Note how the analytical points form a linked series of reasonable claims that arise from the data of summary, paraphrase, and direct quotation. Note, too, how the quotations are not "hit and runs" but instead get smoothly integrated into the writer's prose. When read aloud, the sentences simply flow from author's words to Heat-Moon's without any jumps or stops.
Writing like this, work that goes beyond the "see, Prof, I read the book!", lies within the reach of every student in this class. The language is rather informal, such as "stuck inside their own problems," and that is fine for academic work at this level. Too many of my writers reached for big words they could not control, at the expense of clearly expressed ideas.
Max helped most of you improve your work, but there are limits to what any Consultant (or I) can do. It will take practice and, most importantly, a willingness to re-read the text and re-think a draft that mostly repeats what the book or film tells us already.

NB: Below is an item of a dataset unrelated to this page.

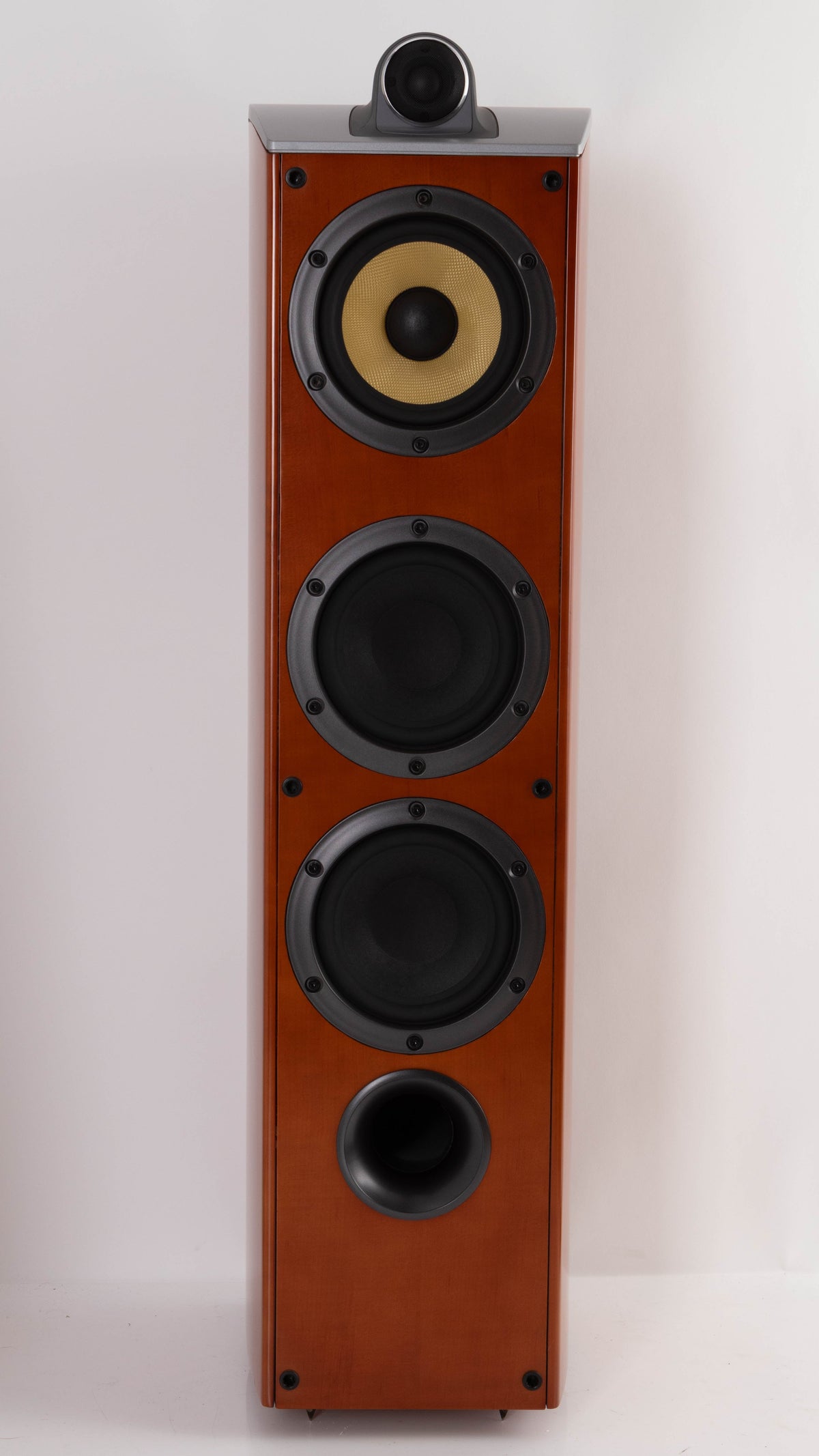 Front view of a used Sony SS-X90ED Floorstanding Speaker in a Silver / Cherry finish
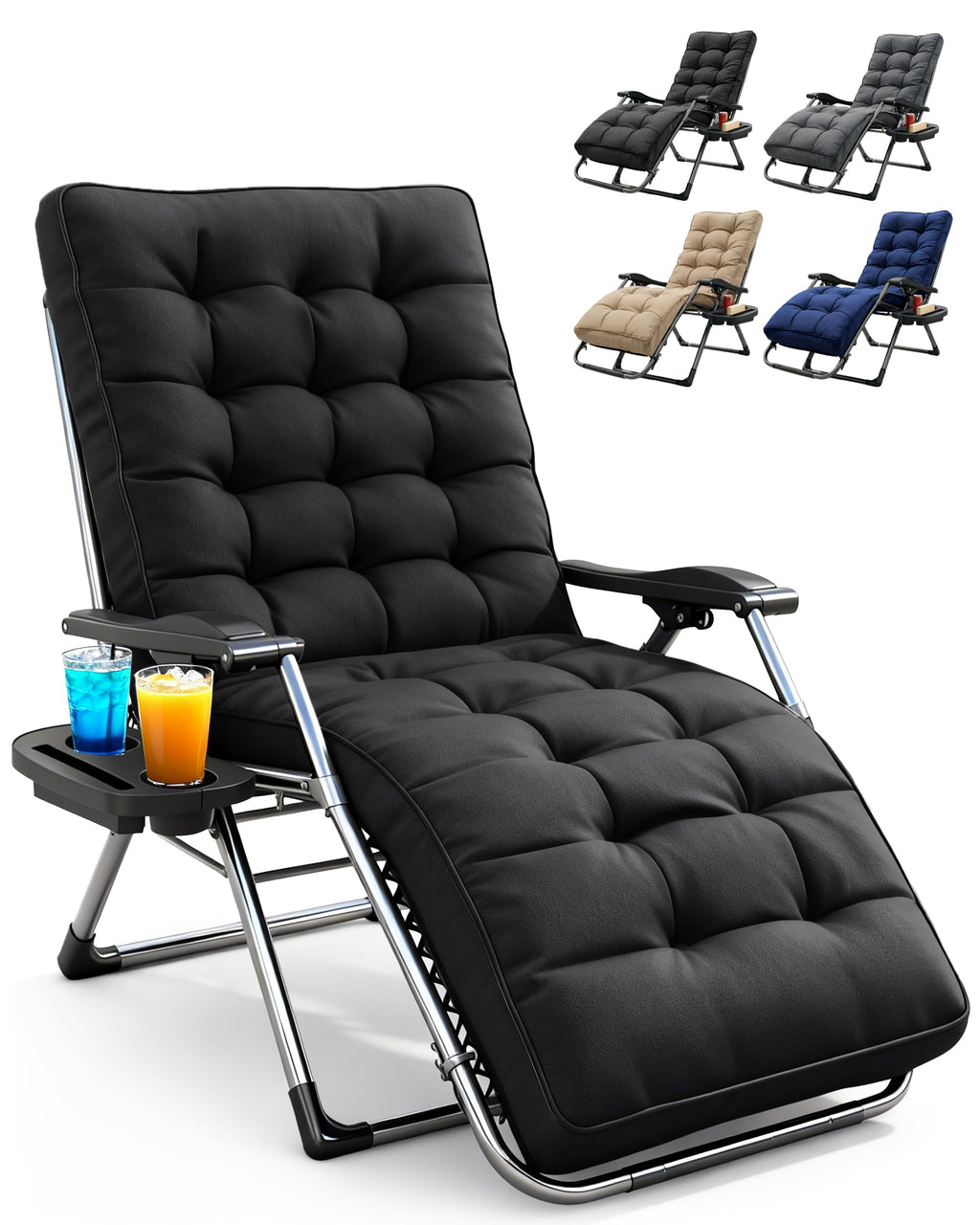 Extra Wide Zero Gravity Reclining Garden Chair with Cushion & Cup Holder Black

To do this sort of analysis in Project 4 and for the final exam's take-home portion, you must slow down, re-read, and take careful notes. There's no magic involved, just planning and quiet time to think through one's one claims and evidence. Organization makes for better analysis; note in the second example how the first sentence of the paragraph makes a claim that unifies what follows. The stories about Kendrick Fritz and The Boss provide more than summary; they state why both men provide lessons to Heat-Moon about harmony or its absence. The final sentence might serve as a good bridge to a following paragraph about, guess what! The value of paying attention to the outside world.